_Activity_
If a line of the records contains the string "Green", copy it out.
______
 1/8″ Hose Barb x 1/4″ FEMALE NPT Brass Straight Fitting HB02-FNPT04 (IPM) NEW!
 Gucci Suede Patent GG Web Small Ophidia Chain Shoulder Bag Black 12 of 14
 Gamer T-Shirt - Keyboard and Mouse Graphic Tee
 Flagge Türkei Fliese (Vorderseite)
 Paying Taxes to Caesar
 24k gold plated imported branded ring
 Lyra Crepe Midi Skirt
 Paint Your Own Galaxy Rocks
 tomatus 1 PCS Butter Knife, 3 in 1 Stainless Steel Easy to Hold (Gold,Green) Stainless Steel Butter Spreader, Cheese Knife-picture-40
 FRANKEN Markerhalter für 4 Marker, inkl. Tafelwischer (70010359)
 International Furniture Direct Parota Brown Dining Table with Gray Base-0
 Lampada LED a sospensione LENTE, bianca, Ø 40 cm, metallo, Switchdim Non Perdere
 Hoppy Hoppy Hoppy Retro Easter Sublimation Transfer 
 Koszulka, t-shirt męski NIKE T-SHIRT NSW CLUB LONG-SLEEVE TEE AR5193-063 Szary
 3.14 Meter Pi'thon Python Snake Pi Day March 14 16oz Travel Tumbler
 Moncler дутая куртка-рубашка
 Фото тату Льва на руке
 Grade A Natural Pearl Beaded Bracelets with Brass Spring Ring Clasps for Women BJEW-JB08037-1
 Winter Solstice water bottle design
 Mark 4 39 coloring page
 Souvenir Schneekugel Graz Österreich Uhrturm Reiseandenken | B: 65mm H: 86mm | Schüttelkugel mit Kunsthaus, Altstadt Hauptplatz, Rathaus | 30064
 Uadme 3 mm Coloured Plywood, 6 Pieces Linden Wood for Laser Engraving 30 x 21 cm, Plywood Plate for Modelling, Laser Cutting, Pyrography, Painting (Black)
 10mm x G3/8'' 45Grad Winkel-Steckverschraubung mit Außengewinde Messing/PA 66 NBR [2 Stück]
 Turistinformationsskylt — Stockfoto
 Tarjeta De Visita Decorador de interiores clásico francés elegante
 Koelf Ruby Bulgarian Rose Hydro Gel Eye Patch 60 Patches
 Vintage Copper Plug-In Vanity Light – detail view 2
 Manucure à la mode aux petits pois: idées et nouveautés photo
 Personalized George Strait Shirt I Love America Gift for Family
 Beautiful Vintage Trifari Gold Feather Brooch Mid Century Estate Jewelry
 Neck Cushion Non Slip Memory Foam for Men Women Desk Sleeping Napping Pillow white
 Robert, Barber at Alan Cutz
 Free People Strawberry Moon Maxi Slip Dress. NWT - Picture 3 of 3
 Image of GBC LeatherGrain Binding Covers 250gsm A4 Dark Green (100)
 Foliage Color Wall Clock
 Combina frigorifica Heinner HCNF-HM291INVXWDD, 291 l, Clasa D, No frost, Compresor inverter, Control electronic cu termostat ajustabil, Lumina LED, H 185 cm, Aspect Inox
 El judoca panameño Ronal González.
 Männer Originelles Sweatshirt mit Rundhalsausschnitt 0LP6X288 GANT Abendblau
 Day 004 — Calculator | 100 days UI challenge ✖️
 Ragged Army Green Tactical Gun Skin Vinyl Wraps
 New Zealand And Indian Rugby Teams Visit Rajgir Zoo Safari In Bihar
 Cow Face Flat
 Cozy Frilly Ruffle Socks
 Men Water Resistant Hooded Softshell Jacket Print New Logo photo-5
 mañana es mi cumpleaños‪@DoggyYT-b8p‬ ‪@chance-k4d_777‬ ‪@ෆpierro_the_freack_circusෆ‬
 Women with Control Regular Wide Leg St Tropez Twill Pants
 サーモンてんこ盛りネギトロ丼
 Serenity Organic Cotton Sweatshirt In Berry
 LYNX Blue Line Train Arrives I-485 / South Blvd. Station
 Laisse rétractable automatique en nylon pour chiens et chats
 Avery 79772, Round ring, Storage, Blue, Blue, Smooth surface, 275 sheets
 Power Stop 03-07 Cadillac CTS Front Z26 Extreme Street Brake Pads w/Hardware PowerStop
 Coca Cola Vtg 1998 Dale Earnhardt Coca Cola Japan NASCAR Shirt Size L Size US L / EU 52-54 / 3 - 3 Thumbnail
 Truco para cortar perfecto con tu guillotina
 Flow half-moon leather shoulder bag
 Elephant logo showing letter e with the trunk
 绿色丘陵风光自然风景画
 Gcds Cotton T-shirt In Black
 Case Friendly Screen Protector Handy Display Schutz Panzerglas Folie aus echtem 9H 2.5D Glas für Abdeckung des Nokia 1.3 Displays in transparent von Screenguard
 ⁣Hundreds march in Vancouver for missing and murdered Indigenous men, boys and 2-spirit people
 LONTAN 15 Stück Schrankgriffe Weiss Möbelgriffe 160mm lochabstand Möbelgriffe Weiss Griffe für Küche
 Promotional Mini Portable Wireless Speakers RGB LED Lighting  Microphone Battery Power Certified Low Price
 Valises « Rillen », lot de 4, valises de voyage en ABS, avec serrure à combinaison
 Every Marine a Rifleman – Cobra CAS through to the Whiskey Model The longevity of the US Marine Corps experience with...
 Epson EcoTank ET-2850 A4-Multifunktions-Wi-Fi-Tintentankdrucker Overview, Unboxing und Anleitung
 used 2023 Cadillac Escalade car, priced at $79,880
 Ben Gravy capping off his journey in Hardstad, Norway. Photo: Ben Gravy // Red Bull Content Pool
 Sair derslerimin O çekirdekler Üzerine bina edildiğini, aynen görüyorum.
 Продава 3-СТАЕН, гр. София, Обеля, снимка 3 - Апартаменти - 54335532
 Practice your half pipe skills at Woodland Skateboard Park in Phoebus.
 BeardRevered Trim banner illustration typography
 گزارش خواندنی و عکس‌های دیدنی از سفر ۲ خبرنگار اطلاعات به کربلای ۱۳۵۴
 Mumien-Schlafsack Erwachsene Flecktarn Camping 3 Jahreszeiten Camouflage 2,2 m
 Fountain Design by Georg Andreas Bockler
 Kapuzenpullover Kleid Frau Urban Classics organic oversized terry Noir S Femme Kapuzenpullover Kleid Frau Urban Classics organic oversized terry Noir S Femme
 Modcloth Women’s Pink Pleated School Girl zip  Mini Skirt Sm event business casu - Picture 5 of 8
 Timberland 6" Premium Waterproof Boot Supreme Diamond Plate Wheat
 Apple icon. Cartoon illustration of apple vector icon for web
______
_Answer box_
 tomatus 1 PCS Butter Knife, 3 in 1 Stainless Steel Easy to Hold (Gold,Green) Stainless Steel Butter Spreader, Cheese Knife-picture-40
 Image of GBC LeatherGrain Binding Covers 250gsm A4 Dark Green (100)
 Ragged Army Green Tactical Gun Skin Vinyl Wraps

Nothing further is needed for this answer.